The four tiers are based on a student’s degree program. Out-of-state and international students will pay a higher base tuition and higher tiered fees compared to Arizona residents.
Some fees, like those instituted for hybrid courses and iCourses, will be eliminated.
Read more: ASU overhauls fee structure in new tuition proposal
The proposal is intended to make tuition "predictable" and "as simple as possible," Crow said.
But some students disagreed that the new structure would increase transparency.
"When our fees were itemized, it was very transparent what our money was going to," said Kaylie Volpe, a senior studying marketing.
Volpe said that "even though it was annoying to know that you were getting charged for athletics when you have no interest in that," the new tuition proposal "looks negative for students no matter what" because it eliminates the itemized breakdown.
Gregory Wolniak, an associate professor at the University of Georgia who has researched the socioeconomic effects of college, said that it is important for colleges to be upfront about their costs of attendance and that the simplified proposal accomplishes that.
But he added that while the University can set its own policy, it should be held accountable to "basic consumer protection concepts."
A lack of transparency "erodes the ability of students to make optimal decisions," Wolniak said, but ASU's proposal is actually "very clear" and could be “a step in the right direction.”
Some students who would pay less under the proposed tuition overhaul still expressed concerns about how it would affect the rest of the student body.
Bryan Perez is a junior studying secondary education with a focus in English at the Mary Lou Fulton Teachers College, which currently does not charge major-specific tuition. Under the new tuition and fee structure, Perez would not pay a tiered fee for his major.
Perez said that while "it's nice" to be in the $0 tier, he's worried that it "may be unfair to other students that they have to pay more."
Glen Nelson, chief business officer and faculty member at Idaho State University, has researched differential tuition — charging students different amounts based on major — and its socioeconomic impact.
He said that preliminary research has shown that differential tuition could cause students from low-socioeconomic backgrounds to migrate toward lower-cost majors.
"So you now have the potential impact of differential tuition that students may choose their course of study or their major based on price rather than aptitude and ability," Nelson said.
A possible fix would be to provide targeted financial aid for students, making "the choice between engineering and English a non-financial choice,” Nelson said.
ASU already institutes differential tuition, Nelson said, and the proposal would simply be "a new way to present" it.
But the fee overhaul is a change from previous fee structures in which all students paid the same fee for various degree programs regardless of residency. Under the new model, out-of-state students could face a large increase in differential tuition.
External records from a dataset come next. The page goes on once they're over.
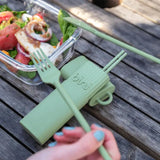 Kit de couverts nomade réutilisable Bini Vert Olive Bini Hersée Paris 9
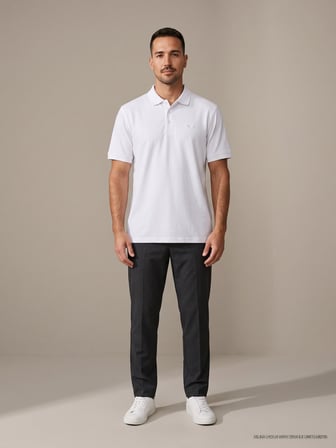 Maccali Beyaz Erkek Yazlık Basic Polo Yaka Tişört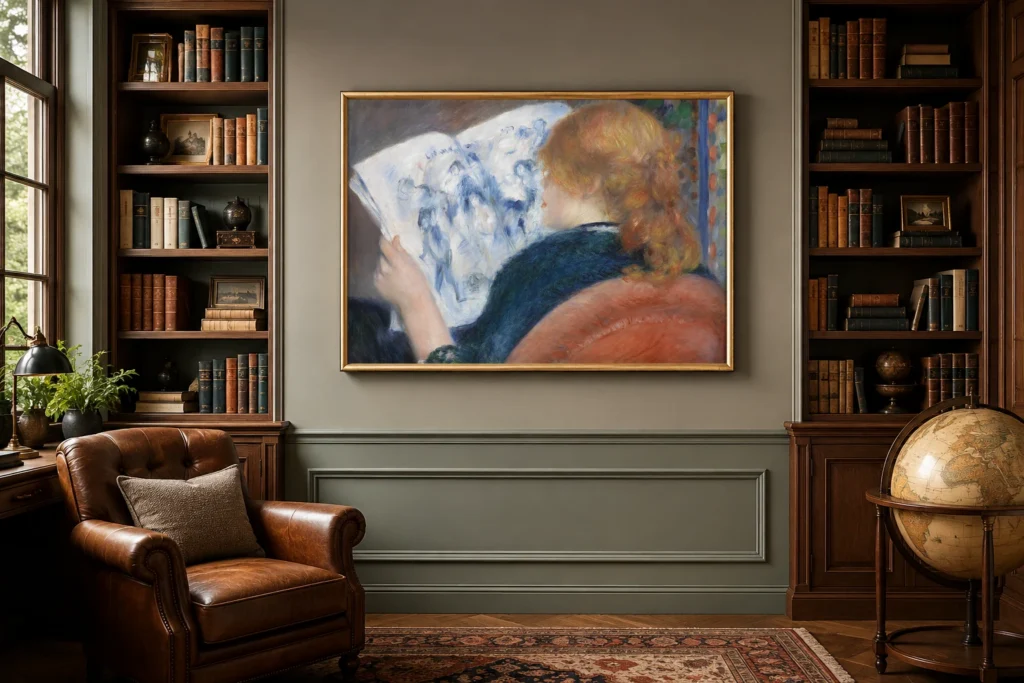 Framed print of Young Woman Reading an Illustrated Journal hanging on a wall in a furnished room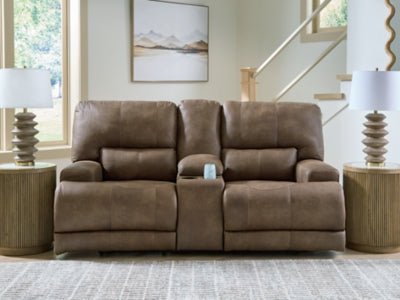 Beckley Place Power Reclining Loveseat with Console - Dark Brown Reclining Loveseat modern furniture Contempo Furniture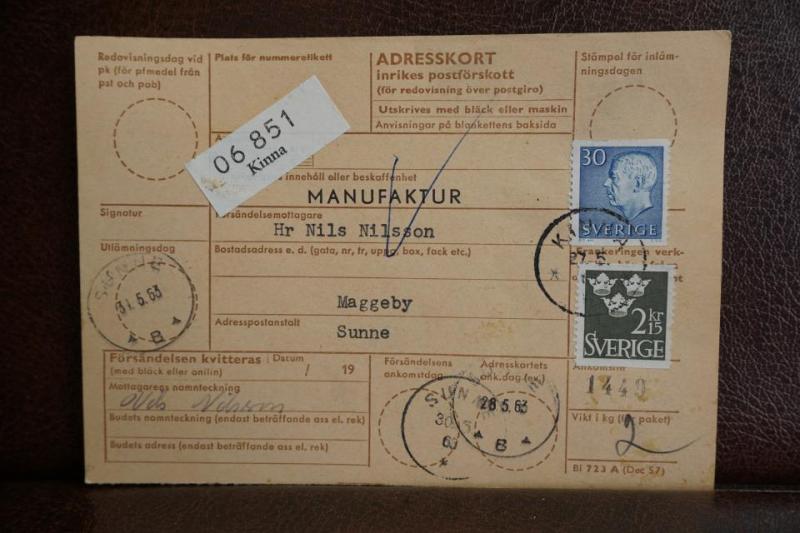 Frimärke på adresskort - stämplat 1963 - Kinna - Sunne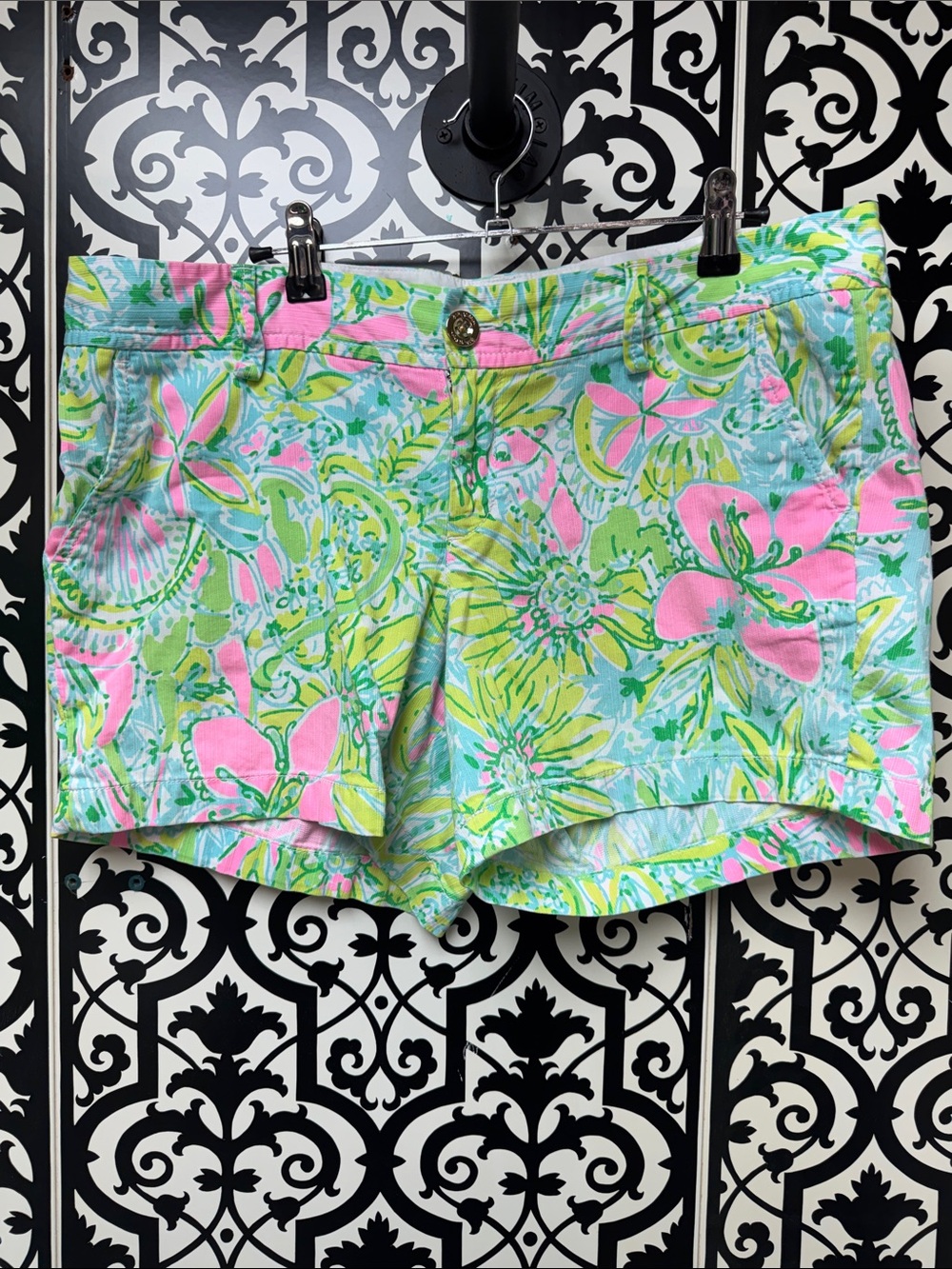 Lilly Pulitzer Pastel Floral Jean Shorts in Pink & Green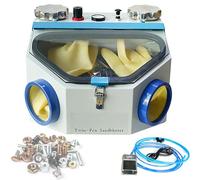 Sandblaster with Dust Collector and LED Light, Dual Filter System and Foot Pedal Control for Material Restoration and Polishing Treatment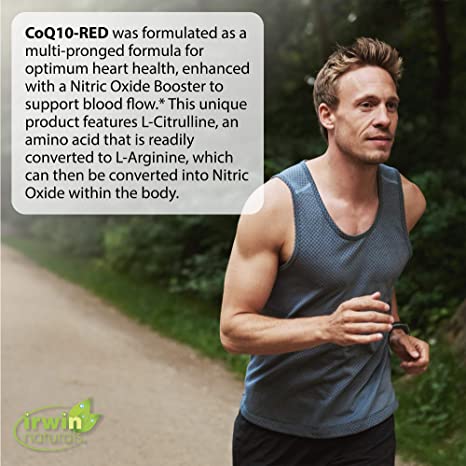 Irwin Naturals CoQ10-RED with Nitric Oxide Booster &amp; MCTs - Advanced Heart Health Formula Supports Healthy Blood Flow &amp; Energy Production - High Absorption Antioxidant Protection - 60 Liquid Softgels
For Susan Cihelka, a junior from California studying civil engineering, the change could result in an increase of more than $700 for the year.
This academic year, Cihelka paid $800 in Fulton tuition and $228 in additional course fees, totaling $1,028. Next year, the fourth-tier Fulton tuition would cost her $1,800.
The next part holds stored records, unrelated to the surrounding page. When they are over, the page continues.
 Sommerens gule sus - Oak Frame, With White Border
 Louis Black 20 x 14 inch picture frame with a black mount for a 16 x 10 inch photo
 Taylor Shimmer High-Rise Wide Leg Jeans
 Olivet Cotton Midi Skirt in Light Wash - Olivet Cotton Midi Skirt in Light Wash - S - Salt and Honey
Cihelka said that the previous cost breakdown "wasn’t complicated at all."
"I knew where everything was going, and if I didn’t know, I could look it up," Cihelka said. "The price difference is absolutely insane … That could be going to rent, utilities, books or supplies."
Additionally, ASU will provide grants to partially subsidize in-state students whose total tuition increases by more than 3 percent, and will do the same for out-of-state and international students who face an increase higher than 5 percent.
The grants for non-resident students go beyond Crow’s promise to in-state students that tuition will not rise by more than 3 percent per year, which he plans to renew for another 10 years.
Some critics, like Cesar Aguilar, executive director of the Arizona Students' Association, said that tuition shouldn't be increasing at all. Instead, the state legislature should provide more funding to keep the cost stable, he said.
"We should be freezing tuition, especially considering student debt," which reached $1.56 trillion nationally this year, Aguilar said.
Cihelka said that the new proposal can take away from the University's message of inclusivity.
"ASU promotes inclusivity, but this proposal sends students coming from a lower socioeconomic status a different message — that higher education is inclusive to anyone that can afford it," Cihelka said.